Canadian Government in squabble over torture secrets
OTTAWA — A dispute rages over secret portions of an inquiry report on the overseas torture of three Canadians one year after release of the document, which criticizes the actions of security agencies.
Federal and commission lawyers are still squabbling about portions of the 544-page report the government balked at making public, citing national security concerns.
In his report released one year ago Wednesday, former Supreme Court justice Frank Iacobucci found Canadian officials contributed to the torture of Abdullah Almalki, Ahmad El Maati and Muayyed Nureddin by sharing information – including unfounded accounts – with foreign agencies.

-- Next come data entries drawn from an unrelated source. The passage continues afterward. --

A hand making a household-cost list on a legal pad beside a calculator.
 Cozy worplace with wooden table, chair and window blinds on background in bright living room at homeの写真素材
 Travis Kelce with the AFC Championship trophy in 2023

The three men, all of whom deny involvement in terrorism, were abused in grave-like Syrian prison cells. El Maati was tortured by Egyptian captors as well.
Iacobucci produced two editions of his report: one confidential version for government eyes only, and a second that was released publicly.
But a small portion of the public report – Iacobucci says it amounts to a page or two – was held back because the government argued it could compromise security.
“The information that forms the exception is, in my view, directly relevant to my mandate and should be disclosed to the public,” the former judge said in his report.
The public version makes it clear the material under wraps would shed new light on actions by Canadian officials that likely contributed to the torture of El Maati in Egypt.
Iacobucci has already said that El Maati’s mistreatment resulted indirectly from several “deficient” actions: the RCMP’s sharing of information, attempts by the Mounties to interview the former truck driver in Egypt, and an expression of concern by the Canadian Security Intelligence Service about El Maati and his activities if he were to be released.
Iacobucci told reporters at the time he would go to Federal Court to try to dislodge the still-secret material if negotiations did not succeed. “It’s just something that I think should be in the public report.”
A year later, those talks continue, say lawyers for the Iacobucci commission and the government.
“We’ve had several further rounds of discussions and the ball hasn’t landed yet,” said inquiry counsel John Laskin.
The talks are so sensitive that Laskin said he didn’t want to “poison the well” by saying anything further.